Re: [ovs-discuss] Mempool issue for OVS 2.9

2018-01-29 Thread Kevin Traynor
On 01/26/2018 05:27 PM, Stokes, Ian wrote:
>> -Original Message-
>> From: Kevin Traynor [mailto:ktray...@redhat.com]
>> Sent: Friday, January 26, 2018 3:48 PM
>> To: Ilya Maximets ; Stokes, Ian
>> ; ovs-discuss@openvswitch.org
>> Cc: Flavio Leitner ; Loftus, Ciara
>> ; Kavanagh, Mark B ;
>> Jan Scheurich (jan.scheur...@ericsson.com) ;
>> Ben Pfaff (b...@ovn.org) ; acon...@redhat.com; Venkatesan
>> Pradeep 
>> Subject: Re: Mempool issue for OVS 2.9
>>
>> hOn 01/26/2018 03:16 PM, Ilya Maximets wrote:
>>> On 26.01.2018 15:00, Stokes, Ian wrote:
 Hi All,

 Recently an issue was raised regarding the move from a single shared
>> mempool model that was in place up to OVS 2.8, to a mempool per port model
>> introduced in 2.9.

 https://mail.openvswitch.org/pipermail/ovs-discuss/2018-January/04602
 1.html

 The per port mempool model was introduced in September 5th with commit
>> d555d9bded to allow fine grain control on a per port case of memory usage.

 In the 'common/shared mempool' model, ports sharing a similar MTU would
>> all share the same buffer mempool (e.g. the most common example of this
>> being that all ports are by default created with a 1500B MTU, and as such
>> share the same mbuf mempool).

 This approach had some drawbacks however. For example, with the shared
>> memory pool model a user could exhaust the shared memory pool (for
>> instance by requesting a large number of RXQs for a port), this would
>> cause the vSwitch to crash as any remaining ports would not have the
>> required memory to function. This bug was discovered and reported to the
>> community in late 2016 https://mail.openvswitch.org/pipermail/ovs-
>> discuss/2016-September/042560.html.

 The per port mempool patch aimed to avoid such issues by allocating a
>> separate buffer mempool to each port.

 An issue has been flagged on ovs-discuss, whereby memory dimensions
>> provided for a given number of ports on OvS 2.6-2.8 may be insufficient to
>> support the same number of ports in OvS 2.9, on account of the per-port
>> mempool model without re-dimensioning extra memory. The effect of this is
>> use case dependent (number of ports, RXQs, MTU settings, number of PMDs
>> etc.) The previous 'common-pool' model was rudimentary in estimating the
>> mempool size and was marked as something that was to be improved upon. The
>> memory allocation calculation for per port model was modified to take the
>> possible configuration factors mentioned into account.
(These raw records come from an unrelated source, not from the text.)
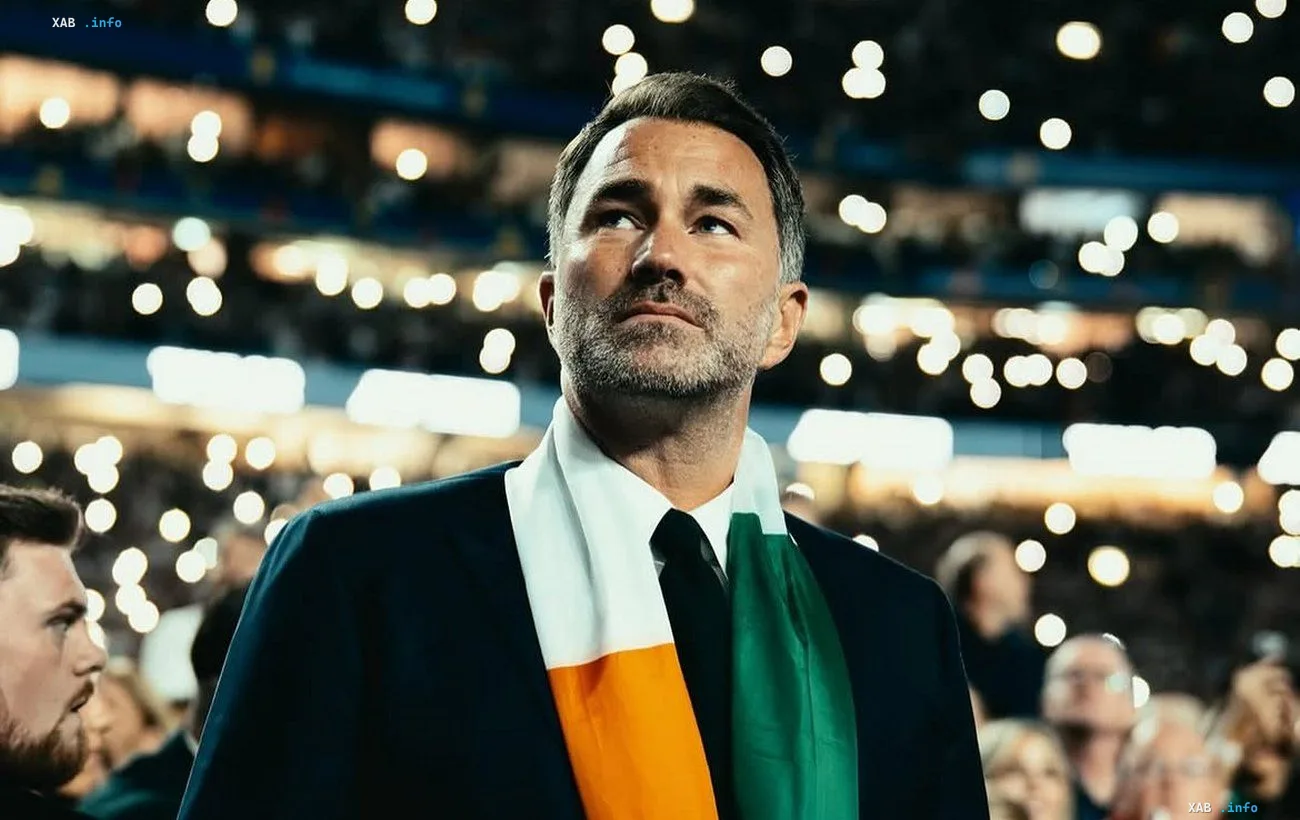 Eddie Hearn with an Irish flag at a stadium at the centre of the Tyson Fury controversy over Anthony Joshua's humiliation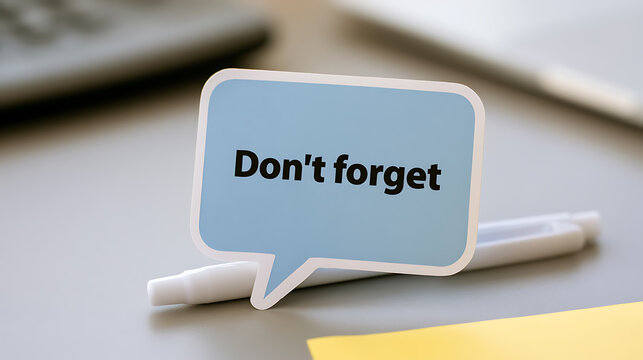 A blue speech bubble note with text dont forget placed on office desk with pen, memory reminder concept for work task and project plan
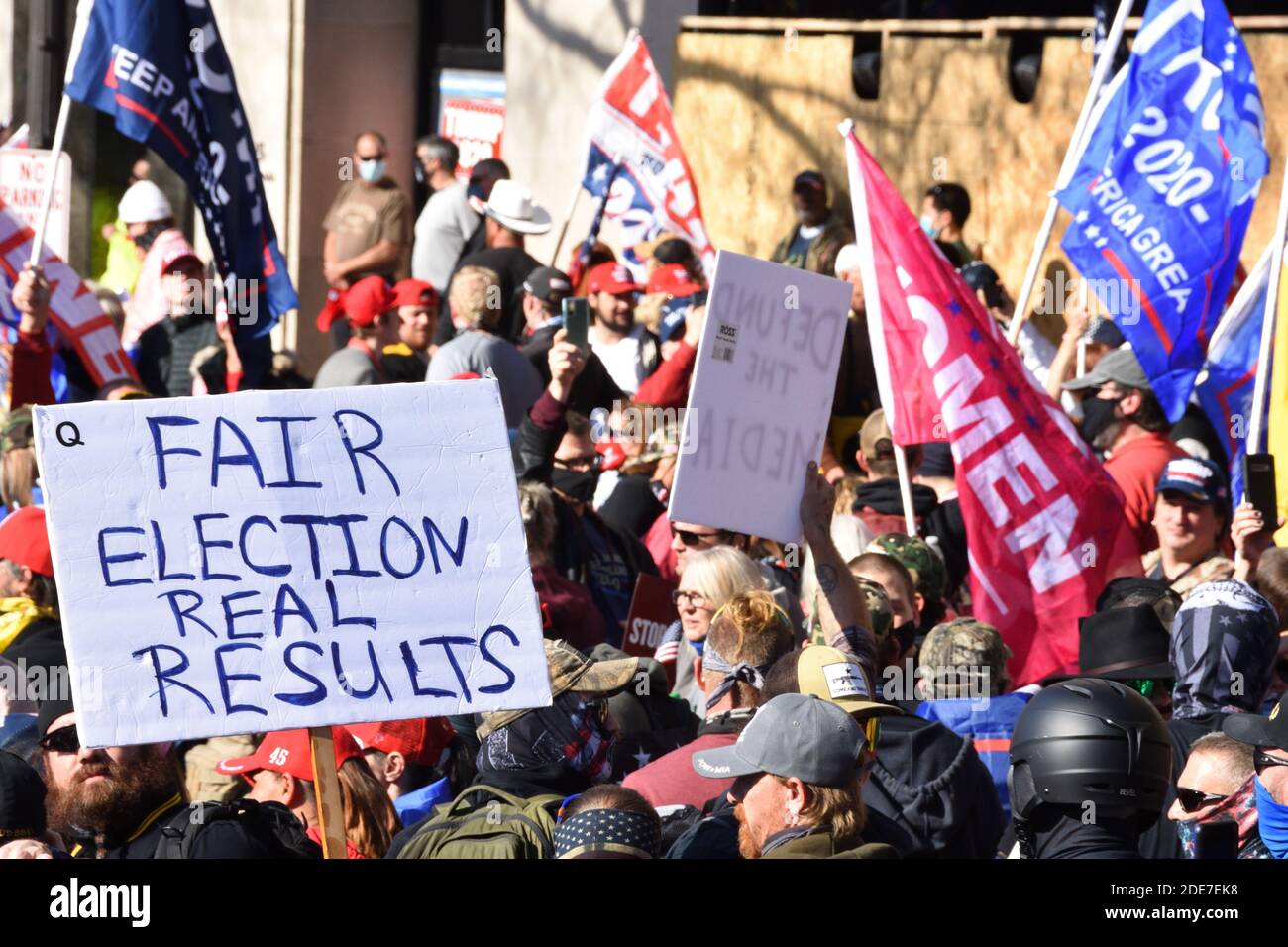 Washington DC. November 14, 2020. Million Maga March. People with political signs, Trump flags and Women for Trump flag at Freedom Plaza. Stock Photo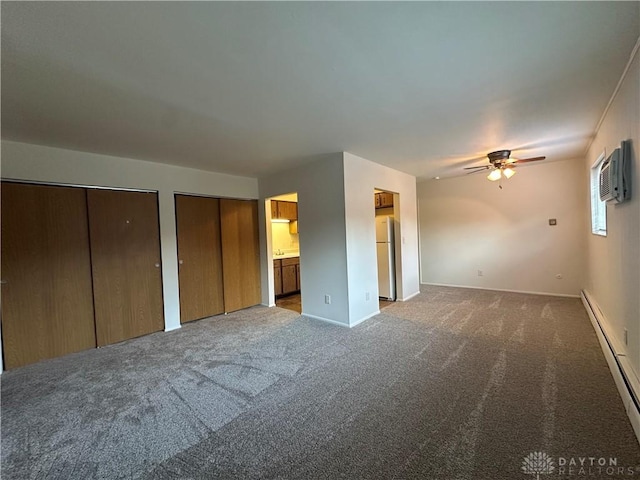 unfurnished bedroom with ceiling fan, white refrigerator, carpet, two closets, and ensuite bath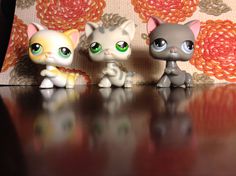 three little kitten figurines sitting on top of a table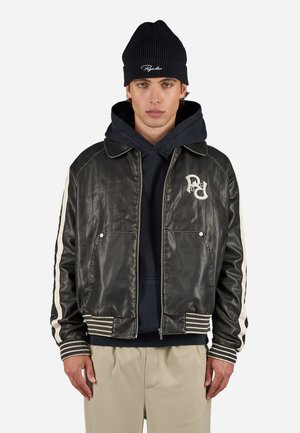 Black leather jacket with ribbed cuffs, striped white accents, and embroidered logo on chest. Worn over a dark hoodie and a beanie.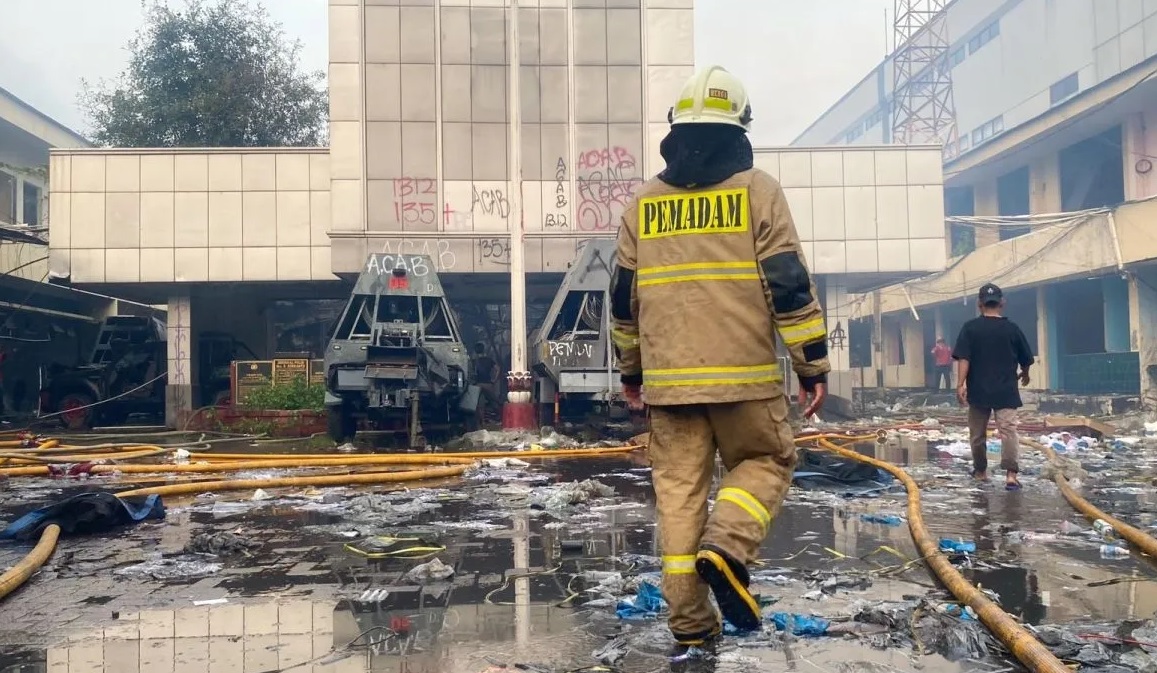 Seorang pemadam kebakaran sedang memasuki Gedung Gegana yang berlokasi di Kramat Raya, Jakarta Pusat, Minggu (31/8/2025). (Chairul Rohman)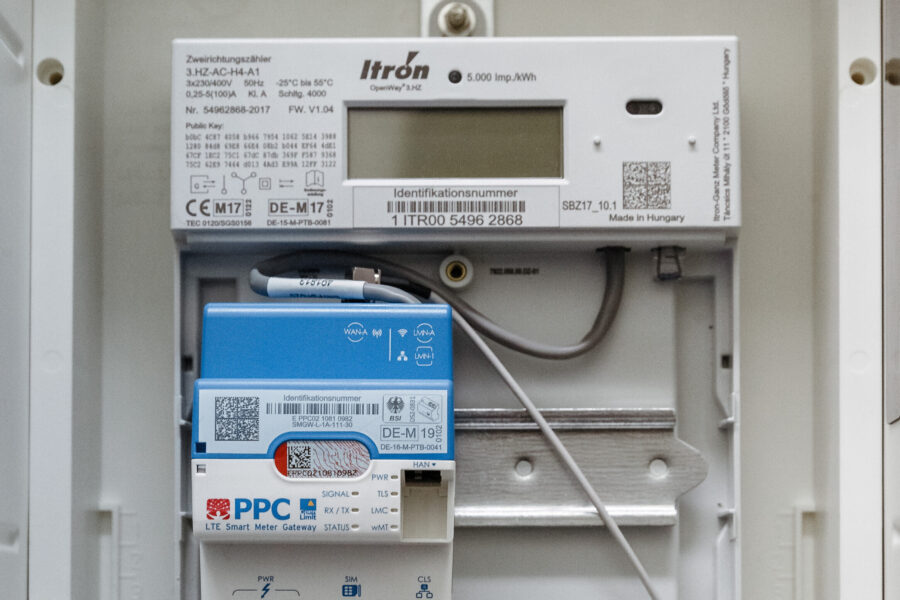 Elektrizitätszähler mit Display und blauer LTE Smart Meter Gateway darunter.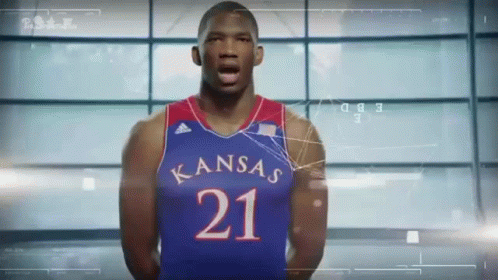 A Basketball Player Wearing A Kansas Jersey With The Number 21 On It GIF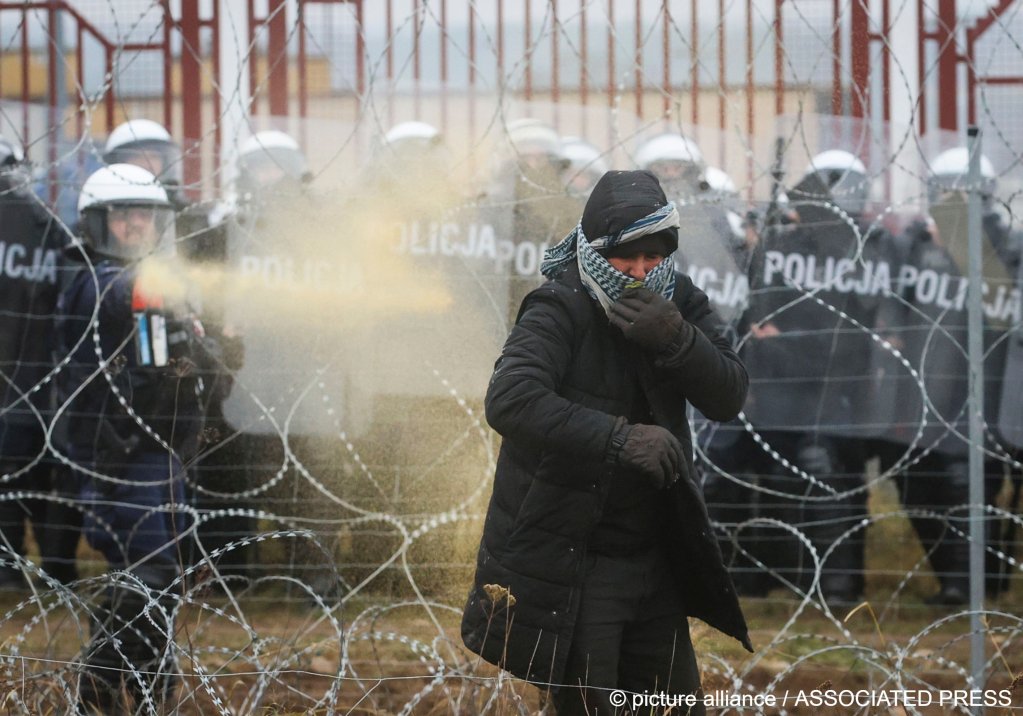 Polish serviceman sprays tear gas during clashes between migrants and Polish border guards at the Belarus-Poland border near Grodno, Belarus, on Tuesday, Nov. 16, 2021 | Photo: Leonid Shcheglov/AP/picture-alliance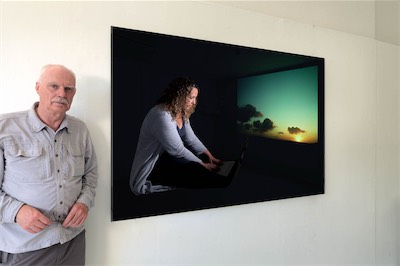 Geoff in front of a Backlight Display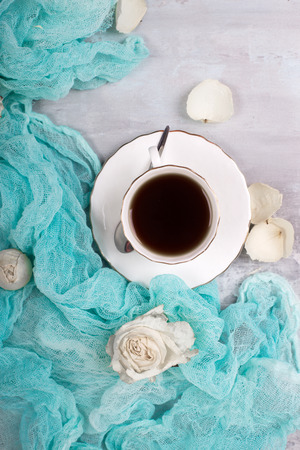 Morning. Cup of coffee rose flowers. Flat lay top viewの写真素材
 It's unfortunate that this came to light so close to the release code
>> freeze - but better late than never as it is a valid problem to be
>> resolved.

 I wanted to highlight some options to the community as I don't think
>> the next steps should be taken in isolation due to the impact this feature
>> has.

 There are a number of possibilities for the 2.9 release.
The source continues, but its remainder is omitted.